Der Erkenntnis hab ich mich vor einiger Zeit auch gestellt. Früher hatte ich ja auch diese „toller Songwriter, schrecklicher Sänger“-Attitüde. Frühe Begegnungen mit Dylanologen, die nicht den Hauch eines Verständnisses für Popmusik, wie ich sie schätze, hatten, dafür jederzeit gewitzte Weisheiten aus des Meisters Fundus rezitieren konnten, waren nicht gerade hilfreich. Daher möchte ich Dylan zunächst auf musikalischer Ebene verstehen und die Textegese zurückzustellen. Natürlich gehört das Textverständnis dazu und Kenntnisse des historischen Zusammenhangs, in dem diese Musik entstand und wirkte.
Mit „Nashville Skyline“ und „Blonde On Blonde“ hab ich dann den Einstieg gewagt. Nicht, dass die Musik völlig an mir vorbeiginge, im Gegenteil, aber es ist für mich Arbeit, seinen Vortrag (der klassische Dylan-Stil auf BOB) nicht als überheblich, abweisend und wenig variabel zu erleben. Diese manierierte Betonung und Dehnung der Endsilben, die muss man wohl wirklich lieben, bevor man Dylan verfallen kann. Da war „Skyline“ schon sehr aufschlussreich, Dylan mal ganz anders zu hören.
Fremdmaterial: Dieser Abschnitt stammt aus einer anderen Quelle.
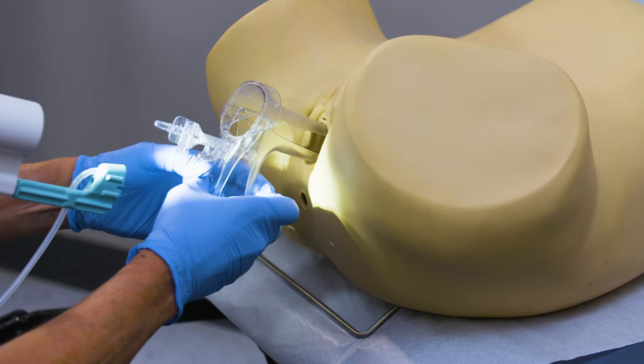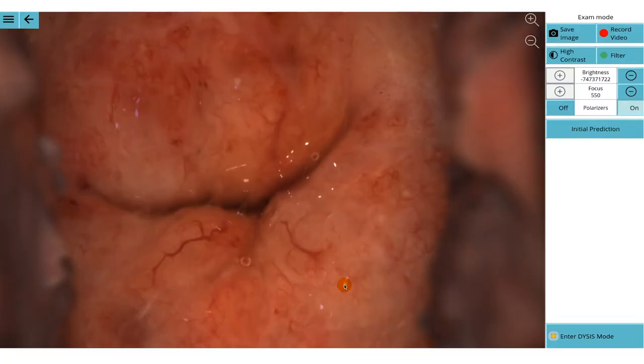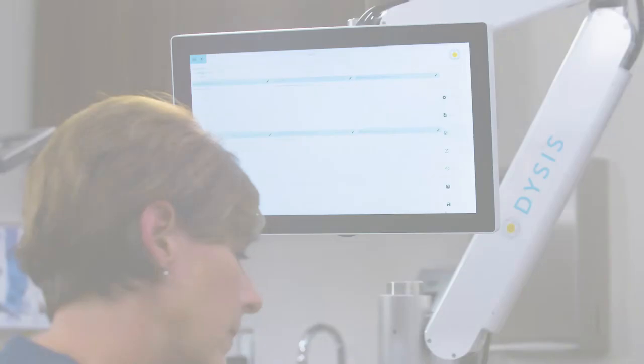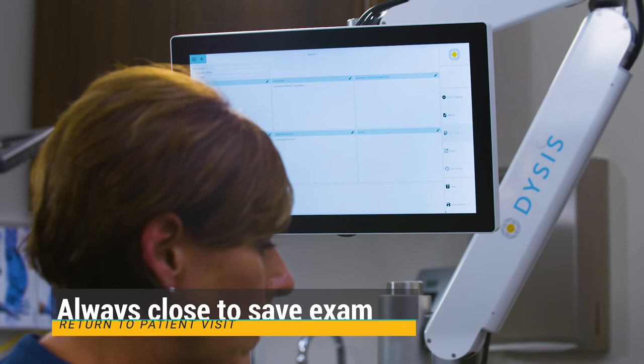Next, the provider will press Enter Dysys Mode, then Start Dysys Mapping to automatically apply the acetic acid and start the procedure from the touch screen interface. To close out the exam and return to Patient Visit Report, select Save and Close or select the back arrow key.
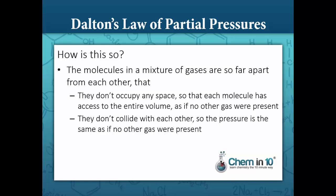How is it that the pressures of the individual gases don't affect the pressures of the other gases? The reason is that the molecules in a mixture of gases are so far apart from each other that they don't occupy any space for all intents and purposes, so each molecule has access to the entire volume as if it were alone. And because they're so spread out, they don't collide with each other, so the pressure is the same as if no other gas were present.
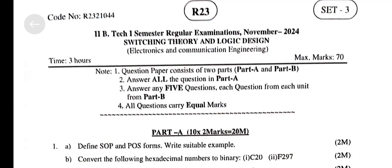J2K, Canada, R2B regulation, 2nd BTEK, 1st semester regular examinations, November 2024, set number 3. Subject: Switching Theory and Logic Design. Branch: PCE.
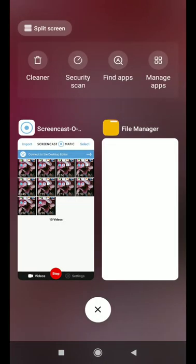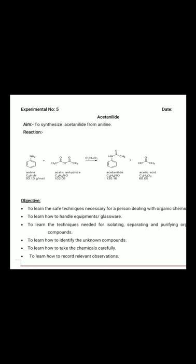Good morning students. Today we will discuss the synthesis procedure. Before this, we have seen different quality control constants like iodine value, saponification value, and acid value. From today onwards, we will see the synthesis of organic compounds.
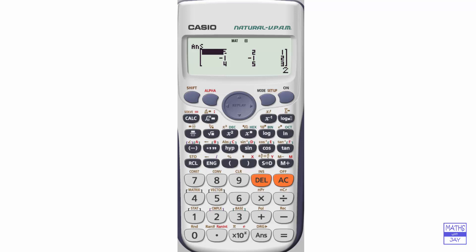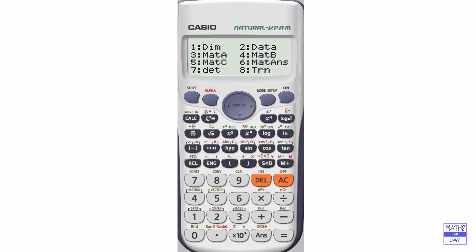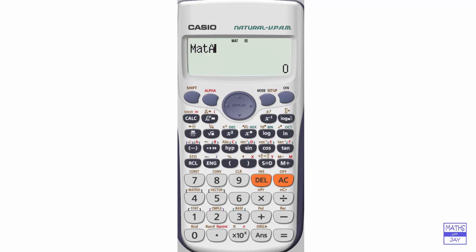So what we want to do now is bring that matrix back again. If we want to square it, we simply use the x squared button. So this is going to square matrix A.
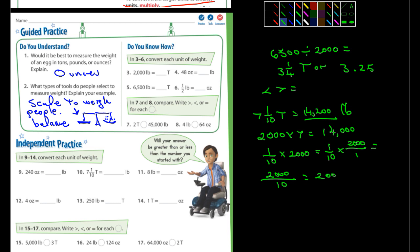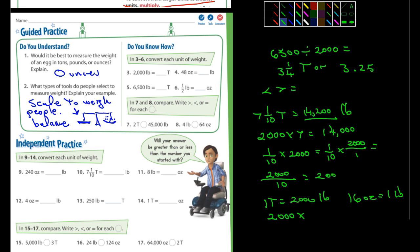Number 14: one ton is how many ounces? One ton equals 2,000 pounds, and there are 16 ounces in one pound. So it's going to be 2,000 times 16 — I'll let you figure that one out.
Arbeit ist es für mich auch, mich auf die langen Traktate wie „Sad Eyed Lady …“ einzulassen. Zum Glück gibt es auf BOB ja auch anderes zu hören und ich meine nicht nur „I Want You“. Am meisten nervt mich immer noch die Harp, das ist ein Instrument, dem ich wirklich nichts abgewinnen kann, ich versteh auch nicht, was sie den Tracks hinzufügt. Deswegen hab ich auch Bedenken, was den frühen Folk-Dylan angeht.
Eine Distanz ist da immer noch und wird wahrscheinlich auch bleiben, aber ich bleibe am Ball. Diesen Aufwand werde ich aber definitiv nicht für jeden als essenziell geltenden Künstler treiben, dafür gibt es zuviel Musik, die mich unmittelbarer anspricht und die noch gehört werden will.